Bombay Flying Club
- Type: Society
- Established: 28 May 1928; 98 years ago
- Accreditation: Directorate General of Civil Aviation (DGCA)
- Affiliation: University of Mumbai
- President: Mihir D. Bhagvati
- Principal: C. Kumar
- Address: Juhu Aerodrome, Mumbai, Maharashtra, 400056, India
- Website: thebombayflyingclub.com

= Bombay Flying Club =

The Bombay Flying Club is the oldest flying club in India, established in 1928, located at Juhu aerodrome, Mumbai. At present, the Bombay Flying Club's College of Aviation offers programs such as pilot training, Aircraft Maintenance Engineer, and cabin crew, approved by the Directorate General of Civil Aviation (DGCA), and also BSc Aviation and BSc Aeronautics programs with affiliation from the University of Mumbai.

==History==
Bombay Flying Club was incorporated on 29 May 1928, and commenced instruction on 13 January 1929 when they received their first two De Havilland Moth aircraft, presented to them by the Government of India. A third aircraft, a D.H. Moth (Gipsy), was won by the Club as a prize offered by Sir Charles Wakefield to the first Indian flying club which should turn out 12 qualified pilots, of whom at least six were to be Indians. The Club used these aircraft for tuition, joy-rides, and air travel. The activities of the club were, unfortunately, limited by the fact that the aerodrome at Juhu was not suitable during the monsoon. This problem was solved by 1937. The Club received its licence to build a hangar and garages at the aerodrome on 17 August 1931.

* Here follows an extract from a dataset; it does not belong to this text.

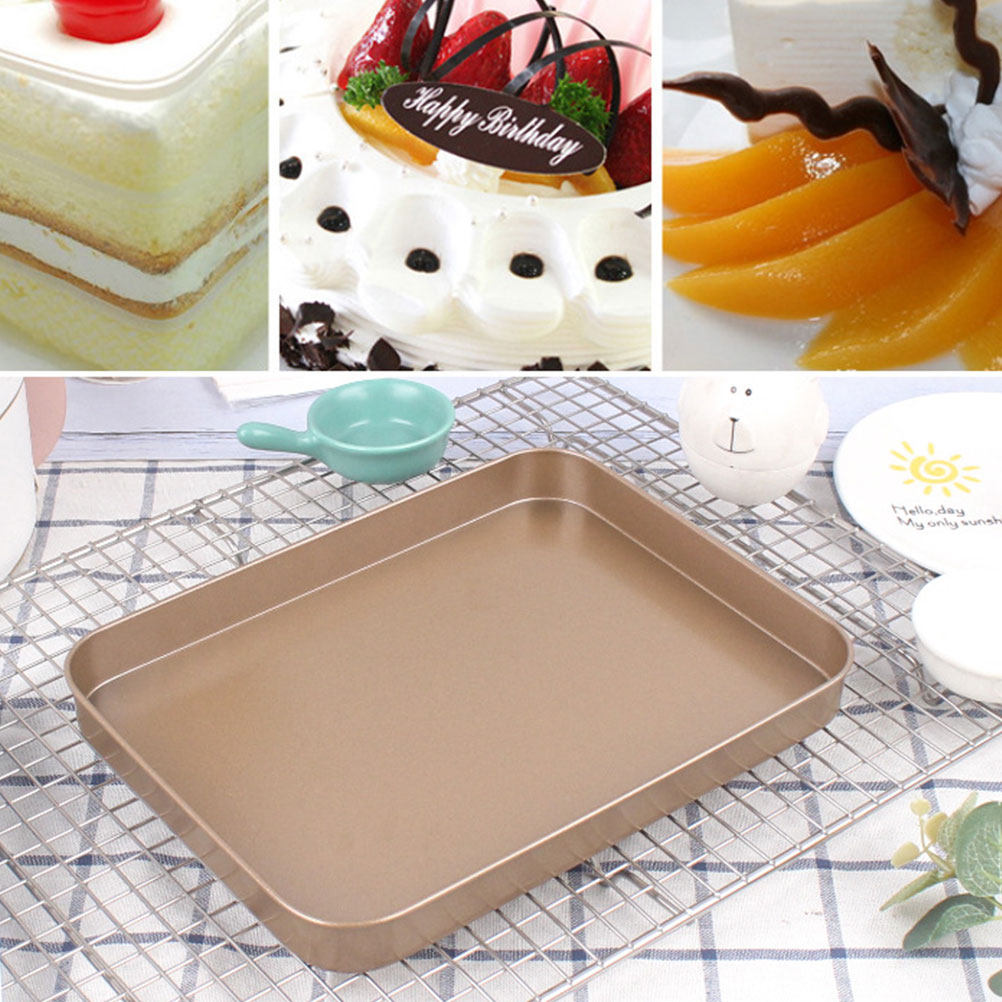 Carbon Steel Rectangular Cake  - Kitchen Baking Pan ulasan dan harga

JRD Tata, the father of Indian civil aviation, who received India's first pilot's licence, trained at this club in 1929. Lady Dinshaw Petit, his sister, became the first female to obtain a pilot licence in India.

==Current status==
It currently owns one Cessna 152 Aerobat, five Cessna 172s of which one is equipped with a Garmin G1000 glass cockpit, a twin engine Piper PA-34 Seneca and one Piper Super Cub PA-18.
The Club shifted part of its training operations to Dhule Airport near the town of Dhule in 2009 to avoid the congested air-space of Mumbai. The Club leased the airstrip from the Maharashtra Airport Development Company in order to carry out its training activities without any restrictions.
Despite the city's change of name, the club retains the old name; however, the flying training, hobby flying and members' flying continues at Juhu airport at Mumbai too.